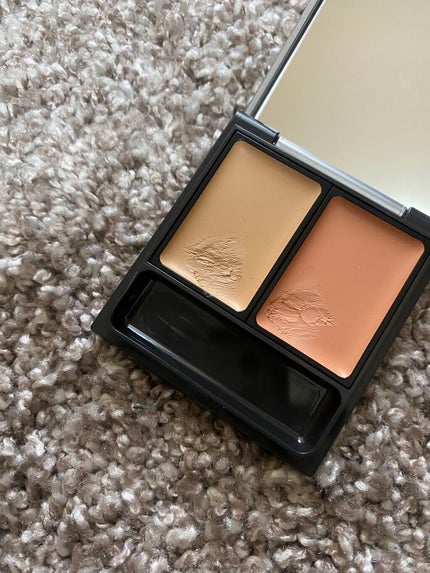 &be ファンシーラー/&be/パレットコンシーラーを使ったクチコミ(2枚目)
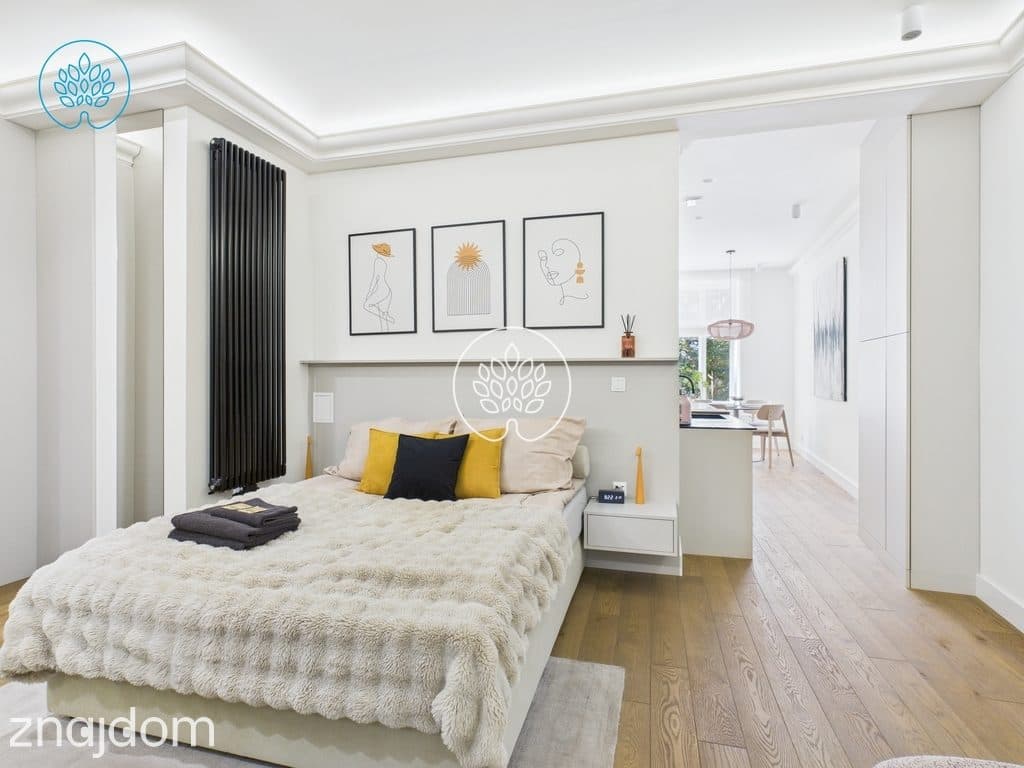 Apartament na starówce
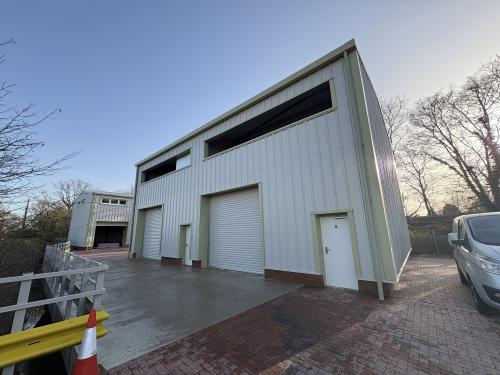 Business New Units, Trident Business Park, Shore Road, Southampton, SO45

...

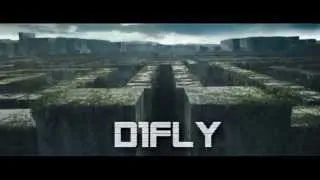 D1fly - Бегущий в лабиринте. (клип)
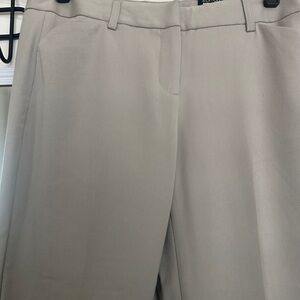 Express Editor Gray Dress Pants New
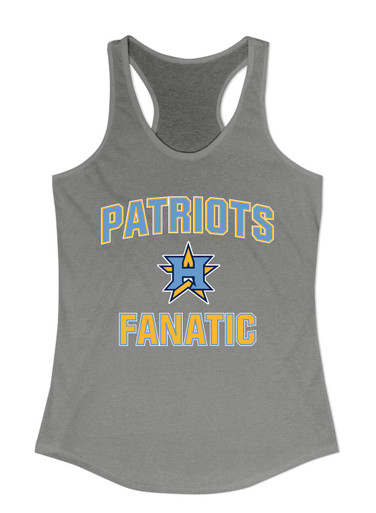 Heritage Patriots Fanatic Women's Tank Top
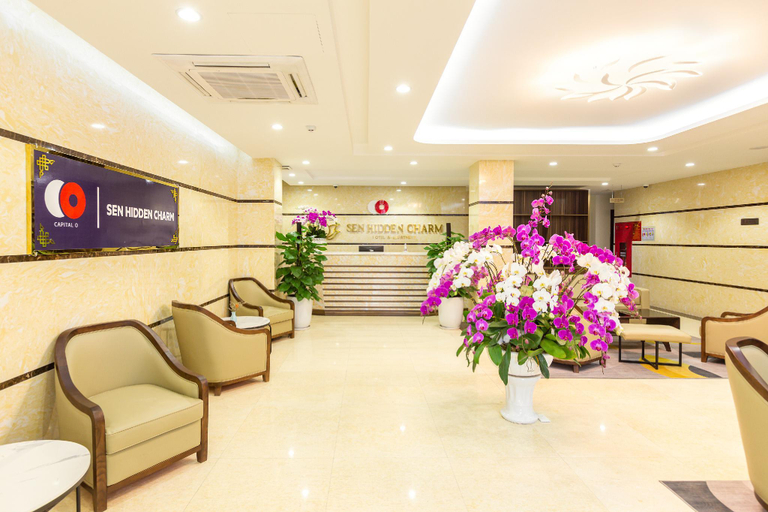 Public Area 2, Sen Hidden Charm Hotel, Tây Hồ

◆ What the task requires: Could the stretch from the line with "Express Editor Gray Dress Pants New" through the line with "Public Area 2, Sen" in the listing above be restated word for word, minus the pictures?

◆ Answer to this problem:
 Express Editor Gray Dress Pants New
 Heritage Patriots Fanatic Women's Tank Top
 Public Area 2, Sen Hidden Charm Hotel, Tây Hồ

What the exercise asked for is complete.